Я много думала о нем и зачастую не совсем понимала, был ли он на самом деле тем золотым ребенком, которого любила Тру Бель, да и Вайолет тоже. А не был ли он просто пустым и заносчивым жадиной, трясущимся над своим сюртучком с серебряными пуговицами и над прочей чистенькой одежкой? Собравшимся в дальний путь, чтобы унизить даже не своего отца, а свою расу.

Если волосы красивы, то чем длиннее они, тем лучше. Так ему сказала Вера Луис, а поскольку она в этих вещах разбиралась, он ей поверил. Во всем остальном ей, пожалуй, доверять не стоило, но эта мысль стала для него непререкаемой истиной. Поэтому-то золотые локоны и вились у него по плечам, хотя суждение о приличествующей длине волос – и это в щепетильном Балтиморе вынесла женщина, скрывшая от него правду относительно того, кем она ему приходится: матерью, владелицей или благодетельницей. Еще в одном она ему не солгала (пусть ей понадобилось восемнадцать лет, чтобы решиться на это), что его отец действительно был черномазым.

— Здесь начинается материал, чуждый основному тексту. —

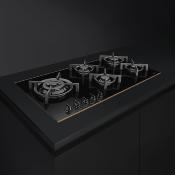 Parrilla Gas 36" (90 cm) Marca: Smeg Modelo: PV695LCNR Color: Negro (2025 06)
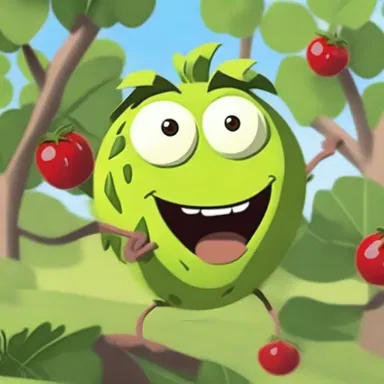 In the animated series, the mischievous character found himself tangled up in a prickly situation when he accidentally landed on a gooseberry bush.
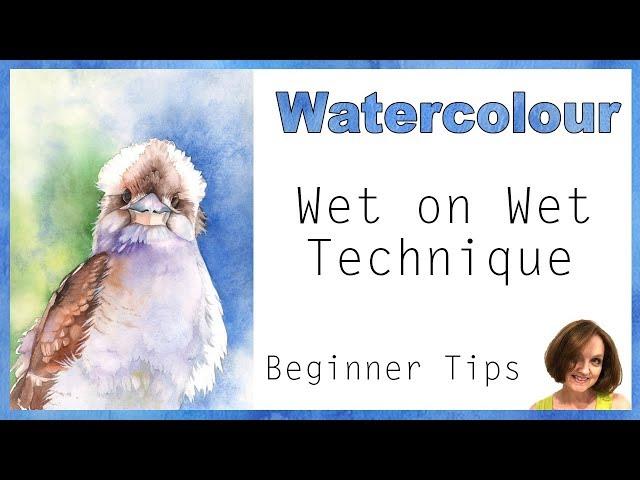 Wet in Wet Watercolor Technique // Beginner Watercolor Techniques 
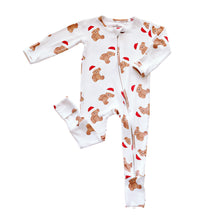 Load image into Gallery viewer, Santa Ribbed Bear Convertible Onesie
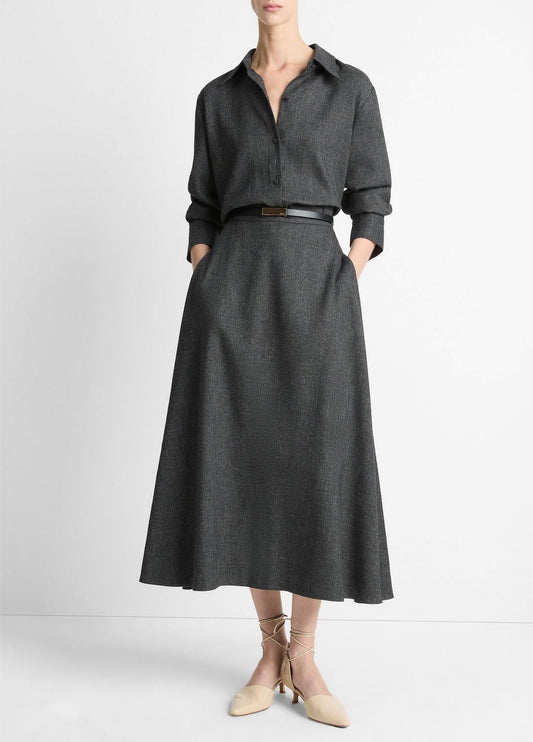 VINCE Customer Favorite - Italian Jaspe Full Skirt in Skirts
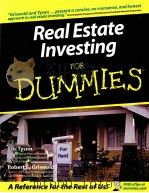 Real Estate Investing for Dummies PDF电子版封面 0764525654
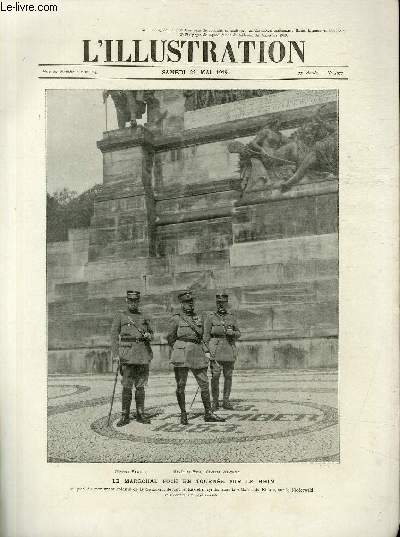 L'ILLUSTRATION JOURNAL UNIVERSEL N 3977 - Le marchal Foch en tourne sur le Rhin.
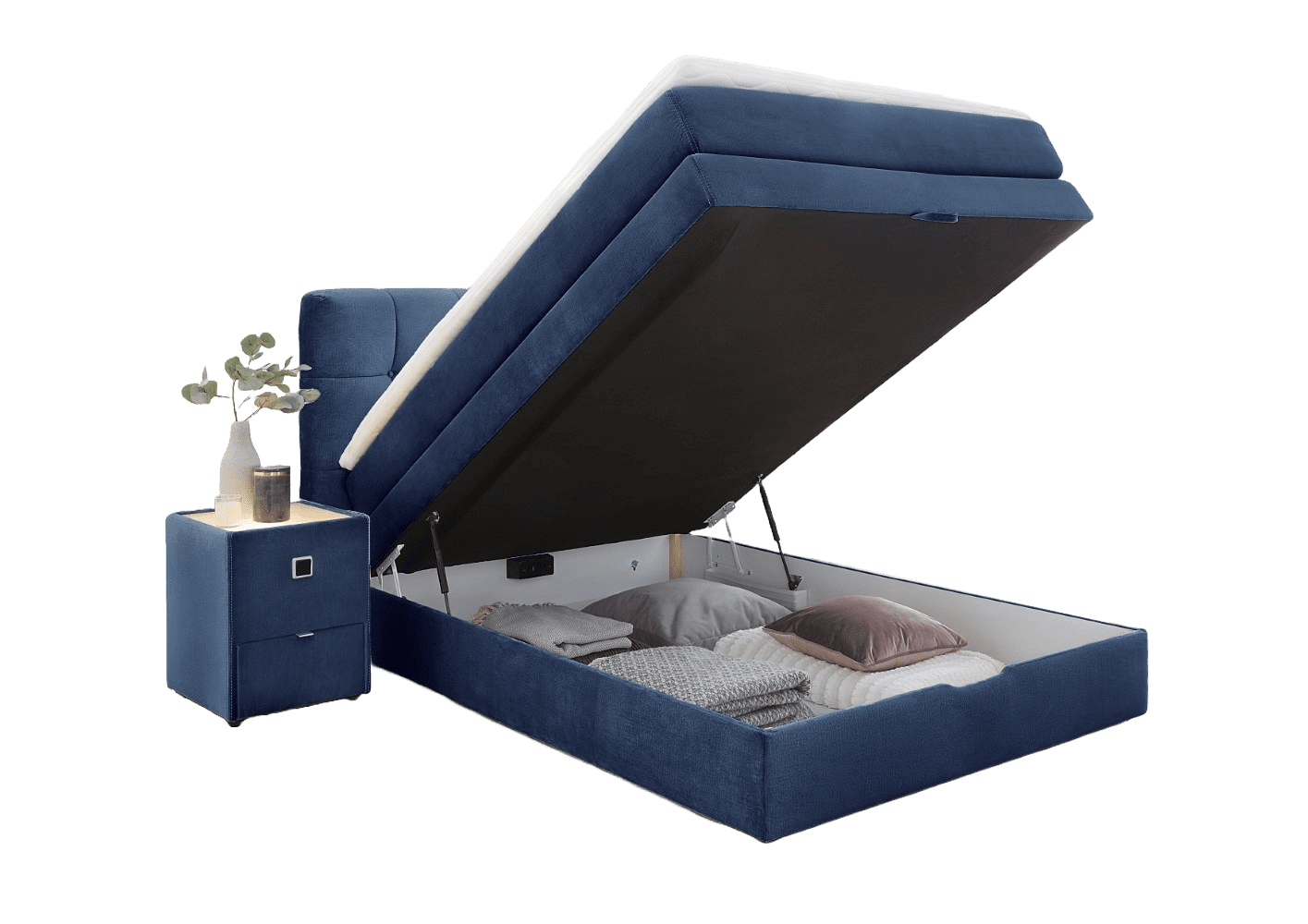 Boxspringbett Amy 140x200 & 180x200 mit Bettkasten – Jockenhöfer Boxspringbett Amy 140x200 & 180x200 mit Bettkasten – Jockenhöfer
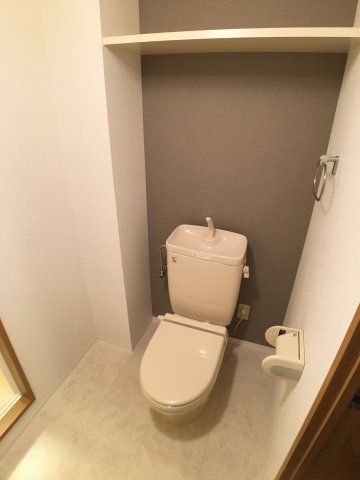 トイレ　ゆったりとした空間のトイレです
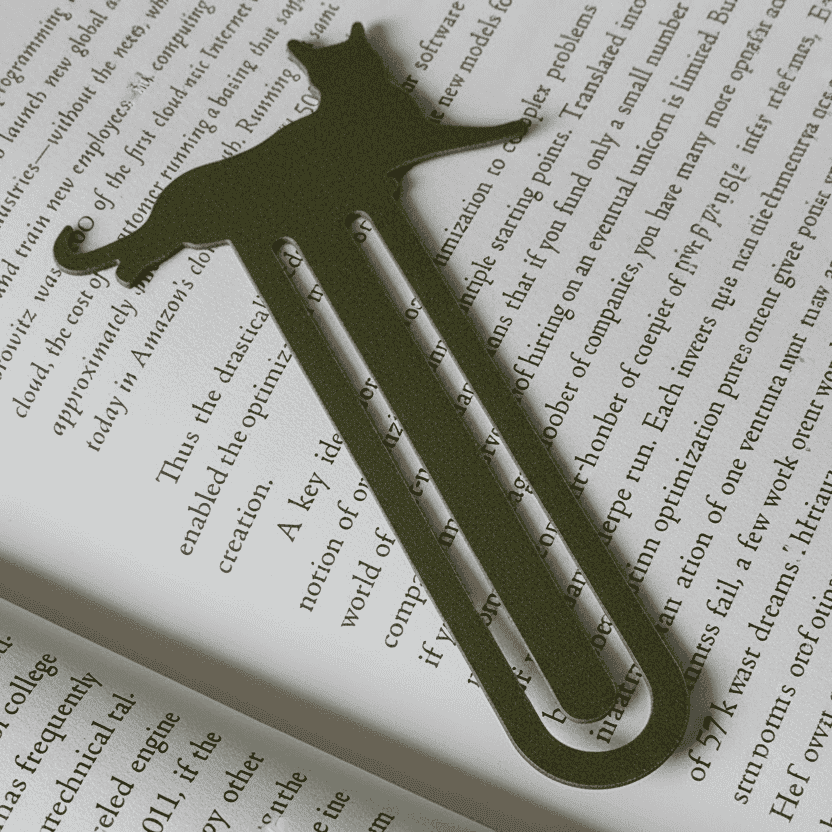 Cat Bookmark – Pack of 5 - Unisculp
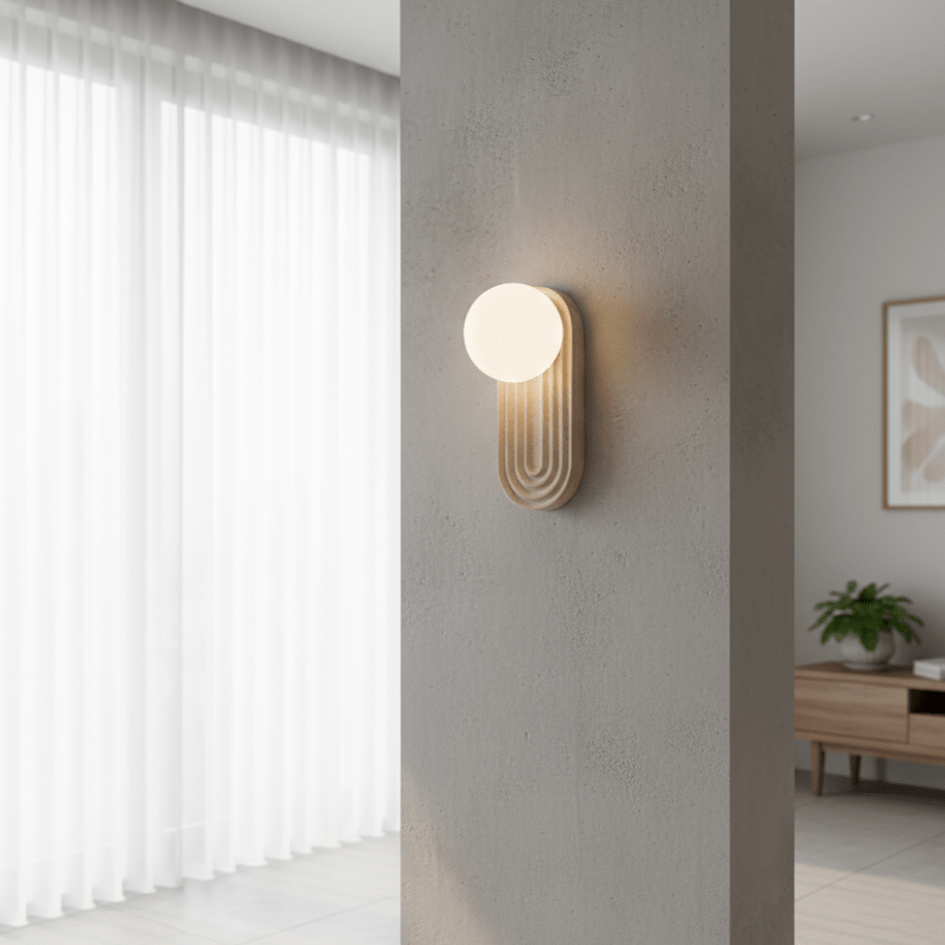 Arco Travertine Wall Light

Вот я вижу его на дороге в двухместном фаэтоне. Он правит красивой лошадью – Вороной. Позади пристегнут большой сундук, доверху набитый превосходными рубашками, бельем, вышитыми простынками и наволочками. Там же портсигар и серебряные вещицы для утреннего туалета. Рядом на сиденье аккуратно свернутое пальто, долгополое, светло-коричневое, с темно– коричневым воротником и такими же обшлагами. Он уже далеко от дома, начинается сильный дождь, но на дворе август, и ему нехолодно.